The X Prize Foundation is administering the prize for NASA, and competitors will fly vehicles at this October’s X Prize Cup in Las Cruces, NM.
Winners will have to demonstrate the ability to build ships that can land on the moon’s surface.
Demo a rocket, manned or otherwise, that can fly to 50 meters altitude, translate sideways to a landing point 100 meters away, land on rocky, simulated lunar terrain shut down its engines and then launch again (refueling is allowed) to return to the original launch point, and $1.25 million could be yours.
Prizes for lesser accomplishments are available too, ranging down to $150,000.
Tellingly, the video clips Diamandis played of hovering and landing rockets were both from John Carmack’s Armadillo Aerospace, which has been working on vertical takeoff/vertical landing rockets for a number of years now.

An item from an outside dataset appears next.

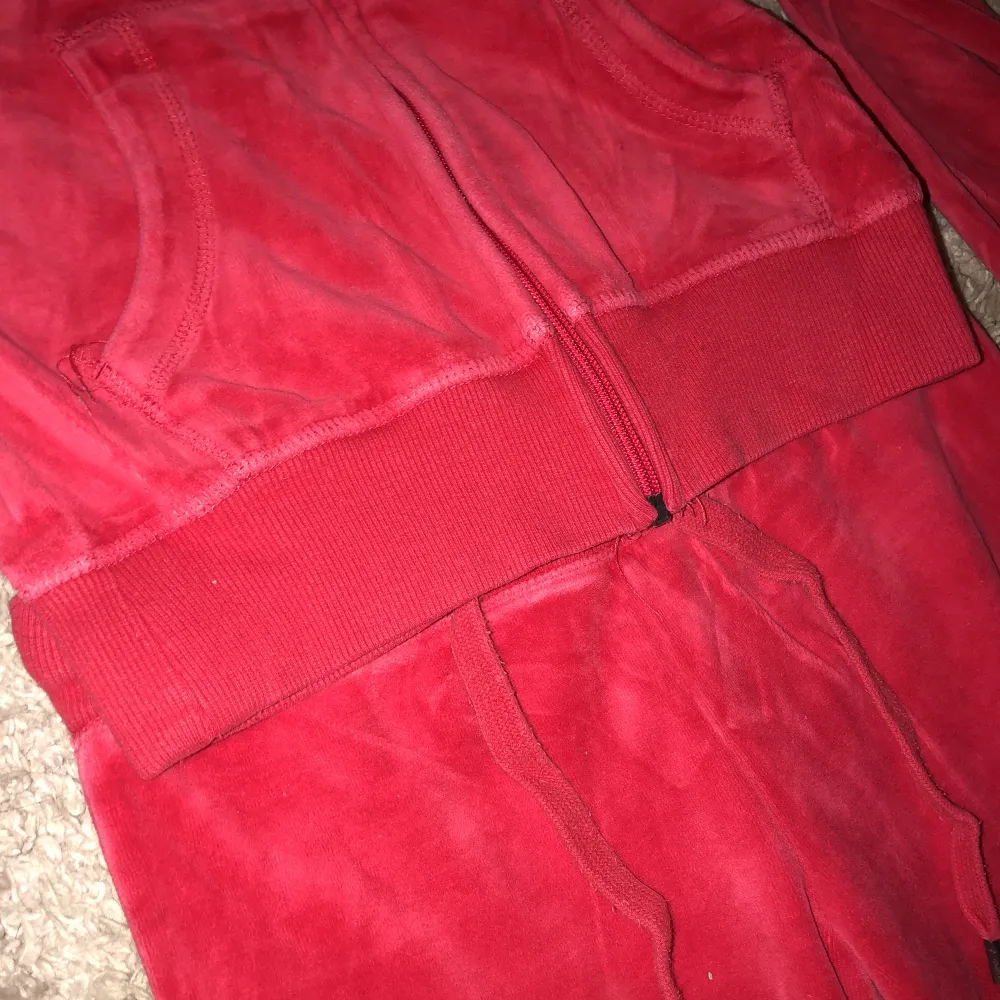 Rött mjukisset från H&M som jag använt ett fåtal gånger, de är så goda som nya!❤️. Tröjor & Koftor.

In fact the Lunar Challenge seems tailor-made for Armadillo, which demoed the only vertical takeoff rocket at last year’s Countdown to the X Prize Cup. Check for complete rules at www.xprize.org.
–UPDATE AT 6:10 P.M. PACIFIC–
David Masten of Masten Space Services says he’s in for the Lunar Lander Challenge. So that’s two companies I know about now throwing hats in the ring already.
Masten also confirmed a rumor I’d been hearing around Mojave Airport: that his company is setting up shop there in June.